# Photoshop help for my army



## Kazehito (Nov 16, 2010)

I had an idea for my Blood Ravens army and finally found a pic of what I need, but need some help with it. I'm planning on making a banner out of cloth, and then using a print-out iron on transfer to transfer the picture from my computer to the banner. I just found a banner that would really look nice, and was wondering if anyone could help me out. Never really played much with altering photos, but if anyone could help, I just need a few things done to the pic im posting with this. I need the background removed until its just the cloth banner left, and I need where the banner looks like its moving in the wind and angled a bit, straightened out, so that I can print out a basic flat variation of this flag. If anyone could help me with this i would really appreciate it. Thanks.

Or if anyone else has a blood ravens banner that I could print out that looks better, I would really appreciate that as well. Thanks to all for your help.


----------



## Djinn24 (Jan 12, 2008)

Best I could do with limited skills.


----------



## Varakir (Sep 2, 2009)

I think I might be able to get it a tiny bit straighter than djinn, but to be honest i don't think the printed results will be worth it. At that resolution the text is barely visible and it'll only get worse once printed.

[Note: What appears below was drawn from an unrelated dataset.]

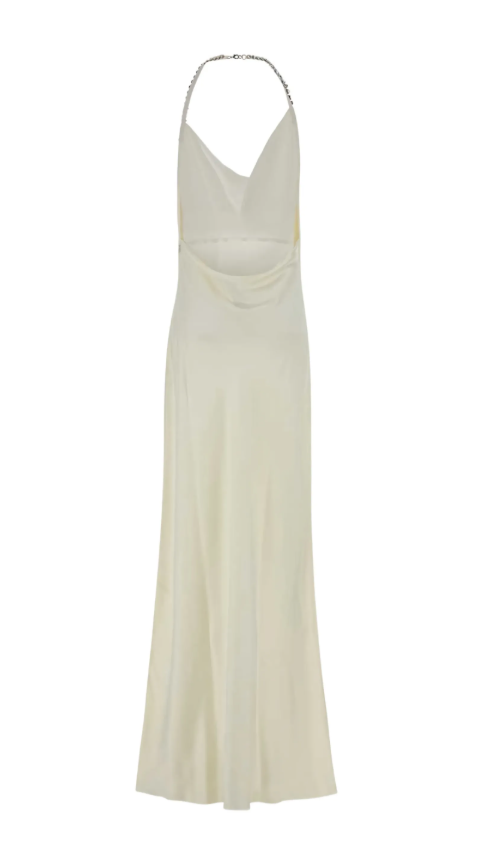 FOREVER STELLA EMB DRESS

I found this on Deviant if it's any help:


----------



## Kazehito (Nov 16, 2010)

Thanks for your help, ill work with them both and see which one works better, thanks alot for the photoshop and hunting down efforts. The flag is probably going to be smaller than the pic is on here, so resolution should still be ok, but ill work with trial and error printing them out and see what i can get. Thanks again for all of your help.


----------